Две бабки замерли лицом к лицу, словно сёстры родные, не отличить со стороны. Ежели б не духи, Дан бы ещё попробовал угадать, но что Варунья, что сам Вар-шу отродясь в туман чужих чувств да переживаний кутались, своих не проявляя. Или вовсе каменным истуканом отзывались, будто… многоликие?

Нет, такое мраколепие немыслимо! Шаман же и с наместником лицом к лицу говорил, и даже церковники наведывались, не в охотку особо, но и вражды открытой не проявляя. Они-то уж точно распознали бы! Да, Вар-шу лицо за маской таил, но форму-то не менял! Людская молва такое бы сразу донесла, как ещё одно диво дивное. И духи нипочём не пойдут служить тому, кто без-чувственным рождён, это всем ведомо: духам страсти человеческие — что огню свежий воздух, без них зачахнут.

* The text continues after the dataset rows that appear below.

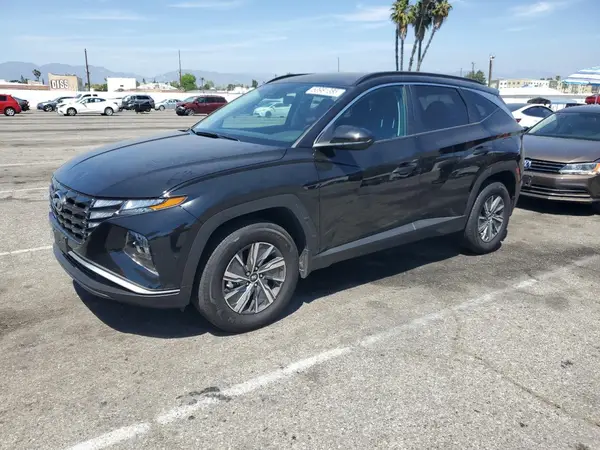 KM8JBCD14RU220536 2024 HYUNDAI TUCSON - Image 1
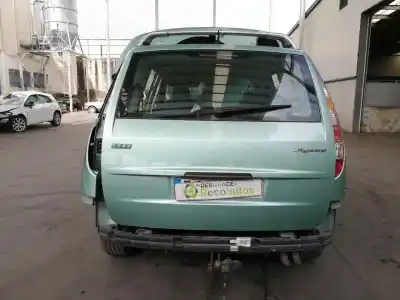 Veículo de Sucata fiat ulysse (179) 2.2 jtd admiral do ano 2004 alimentado 4hw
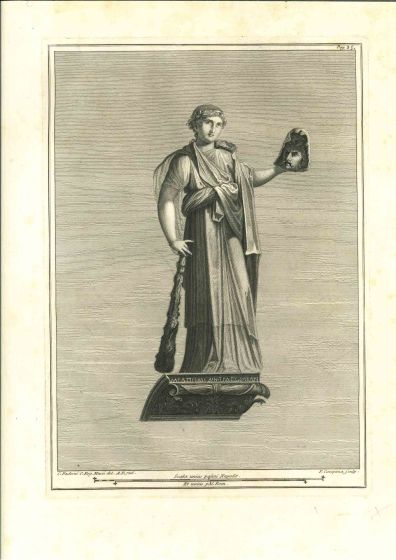 Ancient Roman Statue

Дан моргнул, но того хватило, чтобы пропустить миг, когда одна из бабок исчезла, словно истаяв в тенях. А на её месте возник снежноволосый в чёрном. Тот самый, из Провала! Он склонился над Варуньей и что-то прошипел-присвистнул на неведомом Дану языке. Бабка в ответ вскинула руки, широко расставив в стороны, но помешать не смогла: чтобы приблизиться к шаману, многоликому понадобилось лишь одно стремительное движение. Р-раз! — и он уже стоит рядом с Вар-шу. И чуждое наречие снова звучит шипением да мелодичным пересвистом, уже с обеих сторон.

Сетка с перокрылами качнулась, и Дан перевёл взгляд на птенцов, которые повисли на ячейках, наблюдая за беседующими — будто понимали, о чём речь. Варунья, похоже, тоже — вслушавшись в разговор, бабка фыркнула неодобрительно, но вмешиваться не стала, вместо этого поманила к себе парня скрюченным пальцем. Когда тот нехотя подошёл, цапнула за ухо, склонив к себе поближе, и прокаркала, дыша с натужным клекочущим хрипом, будто помирать собралась:

— Смотреть смотри, но не зевай! Увидишь девку — птенца отдай.

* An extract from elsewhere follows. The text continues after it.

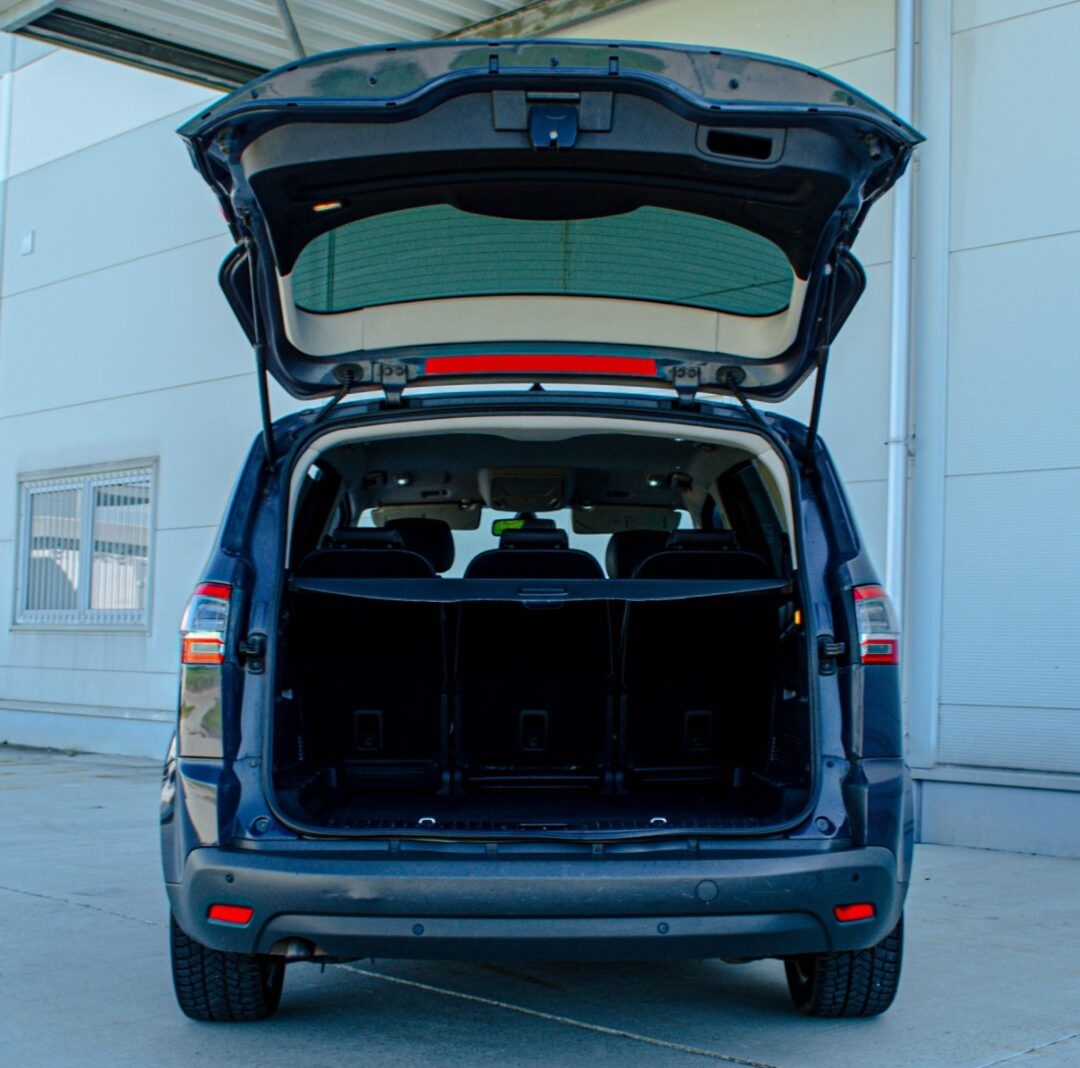 Ford S-Max 2.0 TDCi DPF 163k Titanium S A/T - 10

От сказанного ясней и понятнее в мыслях не стало, но что толку спрашивать? Или сам увидит, или… О том, что будет, если многоликий с шаманом не договорятся, думать не хотелось. Всё одно не сбежать, а коли и вышло бы — на всю жисть не затаишься.

Беловолосый, похоже, был чем-то недоволен, но Вар-шу не отступал. Казалось, солнце только-только зашло, а над деревьями уже наливалась полуночным сиянием полная луна, помогая болотным огонькам освещать поляну и чёрный круг в центре, где спорящие на миг застыли, словно идолы. Медведь-шаман, в меховой накидке, пугающий, но привычный. И чудовище из иного мира: чёрная тень да серебряный блик, ничего более, но как же хотелось убежать от этой изменчивой тени подальше!

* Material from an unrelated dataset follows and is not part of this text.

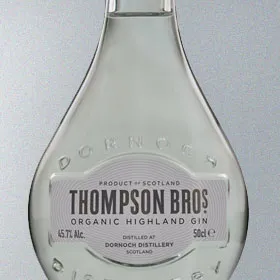 Thompson Bros Organic Highland Gin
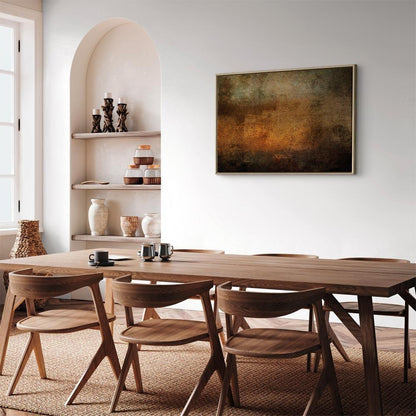 Leinwandbild - Etude (1 Part) Wide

И тут с дальней стороны поляны послышалось звонкое да ясное:

— Ла-адо! Ой, Лель-да-Крей, огонь-вода не разлей, да кто ж к нам пожаловал? Неужто сам мастер льда, лезвие хладного разума, — тут голос враз изменился, взмыв вверх до пронзительного визга, — и бесчувственная пронырливая тварь?! Shhh-kh'saаааааа!

В круг болотных огней вступила невесть откуда взявшаяся девица в дорогом убранстве, чуть приподняв подол верхнего платья — едва показались кожаные сапожки, расшитые золочёной нитью. Вступила уверенно, словно имела на то полное право. Подвесы на поясе и рясны у висков звякнули колокольчиками, тугая русая коса, перекинутая на грудь, качнулась раз, другой, и замерла, отблескивая золочёным треугольником накосника. А дева подбоченилась, носик точёный вздёрнула — сама от горшка два вершка, а спеси-то, спеси! — аж на невесту наместника достанет:

— Что, думаешь, не помню?! Ты! Ты меня на испытаниях приговорил! Не видя-не-слыша-не чувствуя! Из-за тебя я до весны застряла в этой форме, аж слова ругательного толком не вытянуть! Hshssa-arr-ill' arrgkha! Raakh-sai!

Дан вздрогнул, услышав из уст юной красавицы тот самый свист-шипение, на котором только что переговаривались Вар-шу и пришлый из чужого мира. А у пришлого-то уже на руках — когти! Длиннющие да острые, таким горлышко птички наглой — на один взмах.

Ой, что ж это сейчас будет-то?! Ни один мужчина не снесёт, чтобы с ним так разговаривали, а многоликий и вовсе терпимостью не отличался, как Дан успел приметить.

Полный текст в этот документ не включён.